Cette pensée me frappa tout à coup : ils étaient cinq, ils en auront pris chacun un. Je dis à Inyous de venir les chercher avec moi. Nous nous séparâmes, sachant bien que les larrons avaient dû s’écarter du chemin pour dissimuler leurs traces, et Inyous finit par tomber sur les doubles empreintes des hommes et des chevaux.

Nous les suivîmes jusqu’à l’endroit où l’on ne voyait plus que ces dernières, c’est-à-dire où les fugitifs étaient montés à cheval. Deux piétons poursuivant cinq cavaliers ! l’entreprise était folle. Je restai pendant quelques minutes dans une rêverie profonde, puis je me rappelai qu’il n’y avait personne au wagon, et que je pouvais perdre mes vingt bœufs tout aussi bien que mes chevaux.
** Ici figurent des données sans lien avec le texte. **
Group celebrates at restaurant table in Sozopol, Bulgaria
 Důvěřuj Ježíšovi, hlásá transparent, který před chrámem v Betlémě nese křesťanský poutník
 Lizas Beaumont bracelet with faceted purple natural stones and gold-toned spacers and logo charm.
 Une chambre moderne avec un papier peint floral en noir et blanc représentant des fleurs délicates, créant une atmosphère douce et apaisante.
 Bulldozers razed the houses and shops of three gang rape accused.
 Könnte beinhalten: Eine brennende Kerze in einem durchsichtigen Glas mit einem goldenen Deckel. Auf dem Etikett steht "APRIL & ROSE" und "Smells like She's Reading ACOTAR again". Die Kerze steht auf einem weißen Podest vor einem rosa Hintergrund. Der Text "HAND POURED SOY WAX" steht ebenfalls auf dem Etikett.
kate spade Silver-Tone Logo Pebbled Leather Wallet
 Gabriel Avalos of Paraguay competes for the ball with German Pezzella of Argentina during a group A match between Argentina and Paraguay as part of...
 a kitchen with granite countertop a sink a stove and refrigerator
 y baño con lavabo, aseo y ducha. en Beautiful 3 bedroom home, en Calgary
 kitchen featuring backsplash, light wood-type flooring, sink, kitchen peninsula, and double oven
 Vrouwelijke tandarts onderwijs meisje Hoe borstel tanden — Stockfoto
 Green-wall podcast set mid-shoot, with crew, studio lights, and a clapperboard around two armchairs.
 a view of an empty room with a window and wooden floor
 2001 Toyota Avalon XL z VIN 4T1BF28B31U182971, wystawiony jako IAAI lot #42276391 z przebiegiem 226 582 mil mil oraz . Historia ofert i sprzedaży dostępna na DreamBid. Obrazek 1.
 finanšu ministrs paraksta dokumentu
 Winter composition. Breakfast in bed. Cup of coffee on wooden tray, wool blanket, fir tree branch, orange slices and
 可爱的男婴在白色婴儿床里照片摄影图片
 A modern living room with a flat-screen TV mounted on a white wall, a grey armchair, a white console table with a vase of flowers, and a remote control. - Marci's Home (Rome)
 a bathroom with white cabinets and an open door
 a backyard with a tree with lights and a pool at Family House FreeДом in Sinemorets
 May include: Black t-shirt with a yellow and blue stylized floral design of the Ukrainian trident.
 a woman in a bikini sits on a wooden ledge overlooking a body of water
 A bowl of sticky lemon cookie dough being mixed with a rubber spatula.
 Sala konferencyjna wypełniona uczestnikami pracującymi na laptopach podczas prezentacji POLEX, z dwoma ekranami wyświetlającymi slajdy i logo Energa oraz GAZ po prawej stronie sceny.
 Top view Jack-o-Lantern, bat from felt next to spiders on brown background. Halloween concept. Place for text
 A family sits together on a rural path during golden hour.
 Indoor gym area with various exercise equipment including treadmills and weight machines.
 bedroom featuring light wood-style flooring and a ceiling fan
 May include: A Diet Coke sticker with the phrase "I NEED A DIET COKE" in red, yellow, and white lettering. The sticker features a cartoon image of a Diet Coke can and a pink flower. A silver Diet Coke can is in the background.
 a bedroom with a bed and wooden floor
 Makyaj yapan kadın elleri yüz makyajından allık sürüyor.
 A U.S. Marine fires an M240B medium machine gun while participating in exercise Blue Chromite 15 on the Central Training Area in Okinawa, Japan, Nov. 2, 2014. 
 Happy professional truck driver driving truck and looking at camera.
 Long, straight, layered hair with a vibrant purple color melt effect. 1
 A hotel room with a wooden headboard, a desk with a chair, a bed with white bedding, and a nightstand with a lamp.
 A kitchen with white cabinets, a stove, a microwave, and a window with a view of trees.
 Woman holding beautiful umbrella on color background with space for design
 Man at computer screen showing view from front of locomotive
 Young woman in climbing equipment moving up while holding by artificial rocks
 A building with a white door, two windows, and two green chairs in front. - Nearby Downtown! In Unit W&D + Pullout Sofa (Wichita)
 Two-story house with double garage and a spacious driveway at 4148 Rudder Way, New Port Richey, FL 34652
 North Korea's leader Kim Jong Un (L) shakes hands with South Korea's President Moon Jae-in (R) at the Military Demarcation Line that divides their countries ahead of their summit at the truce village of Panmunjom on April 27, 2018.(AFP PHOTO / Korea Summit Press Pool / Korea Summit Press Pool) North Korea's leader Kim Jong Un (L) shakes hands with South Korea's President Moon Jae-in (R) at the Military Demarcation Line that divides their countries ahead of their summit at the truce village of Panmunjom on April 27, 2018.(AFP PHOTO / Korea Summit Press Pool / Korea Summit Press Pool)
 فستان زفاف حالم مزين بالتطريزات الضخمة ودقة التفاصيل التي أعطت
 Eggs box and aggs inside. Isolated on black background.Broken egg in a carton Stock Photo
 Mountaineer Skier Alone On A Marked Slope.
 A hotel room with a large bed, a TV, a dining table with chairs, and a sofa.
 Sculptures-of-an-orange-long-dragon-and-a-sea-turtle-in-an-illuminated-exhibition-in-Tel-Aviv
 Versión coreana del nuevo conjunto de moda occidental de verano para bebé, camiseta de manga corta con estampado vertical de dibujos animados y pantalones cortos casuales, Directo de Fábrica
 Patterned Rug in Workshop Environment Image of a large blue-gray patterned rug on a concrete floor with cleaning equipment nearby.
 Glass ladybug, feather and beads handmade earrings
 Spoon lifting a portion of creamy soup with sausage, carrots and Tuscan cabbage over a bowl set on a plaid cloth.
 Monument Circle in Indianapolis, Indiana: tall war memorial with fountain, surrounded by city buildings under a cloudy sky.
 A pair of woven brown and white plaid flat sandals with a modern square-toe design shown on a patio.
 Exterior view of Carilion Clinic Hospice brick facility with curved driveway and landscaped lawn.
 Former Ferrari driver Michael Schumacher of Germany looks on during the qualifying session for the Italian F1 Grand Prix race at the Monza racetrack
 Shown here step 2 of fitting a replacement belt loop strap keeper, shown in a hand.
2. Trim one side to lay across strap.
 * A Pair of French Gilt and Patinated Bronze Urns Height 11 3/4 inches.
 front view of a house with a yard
J’appelai Inyous pour retourner au camp : pas de réponse. Je fis retentir le bois de mes cris ; je tirai un coup de fusil destiné à l’éléphant : la détonation fut effroyable ; toujours le silence. Ils étaient tous partis ; l’abandon était complet.

Je revins au camp le plus vite possible, et n’y retrouvai que mon petit Léché, endormi sous un arbre, au milieu de ses pleurs. Après avoir consolé de mon mieux le pauvre enfant, je me mis à la recherche des bœufs qui s’étaient échappés ; je finis par les réunir, me hâtai de regagner le kraal, allai chercher de l’eau et du bois, lavai les plats et la marmite que mes gens avaient laissés pleins de graisse. Je découvris alors qu’il y avait une grande différence entre faire une chose et la commander aux autres.

Jusque-là je n’avais pas eu le temps de réfléchir. Mais quand j’eus couché le bambin et que je me trouvai seul devant le feu, ma situation m’apparut dans toute sa gravité.

Étant dans une position difficile.

Je maudis mille fois mon fol orgueil ; j’aurais dû tout accorder à mes hommes plutôt que de m’exposer à leur abandon ; je n’avais pas même essayé de le conjurer. La nuit fut horrible : quatorze heures de ténèbres, car nous étions en hiver ; je n’en souhaite pas une pareille à mon plus mortel ennemi. Quand par hasard quelques minutes d’un sommeil agité venaient interrompre mes réflexions, ce n’était que pour me sentir plus seul, plus désolé au réveil. Je pensais à me rendre au lac ; j’y serais allé à pied ; mais il fallait suivre la rivière, pas d’autre moyen d’y parvenir ; la tâche était difficile, et comment abandonner Léché, le laisser mourir de faim et de soif ? Je ne supportais pas cette idée-là. Si vous l’aviez vu, chancelant sur ses petites jambes, armé d’un bâton deux fois grand comme lui, m’aider à réunir les bœufs et à les faire entrer dans le kraal ! Si vous saviez tout le chemin qu’il avait fait pour aller chercher le veau, et sans que je le lui eusse dit ; j’en avais les yeux pleins de larmes. Il était couché devant moi, pauvre bébé ! lui aussi avait de l’inquiétude ; il comprenait que les choses allaient mal ; il se réveillait en sursaut, cherchait mes pieds, les touchait bien doucement, et retournait à sa place. C’est ainsi que nous passâmes la nuit. Le jour vint à paraître ; j’allai chercher de l’eau et du bois, je me fis du café, donnai à déjeuner à l’enfant, et détachai les bœufs. Tout à coup j’entendis parler sur la rivière ; j’appelai et déchargeai mon fusil. Au bout de quelques instants une pirogue traversait les roseaux, et j’y voyais trois Cafres. Hélas ! je n’avais que quatre mots dans mon vocabulaire : bonjour, marche, verroterie et wagon ; il n’y eut pas moyen de nous entendre, même par signes. Je les quittai désespéré.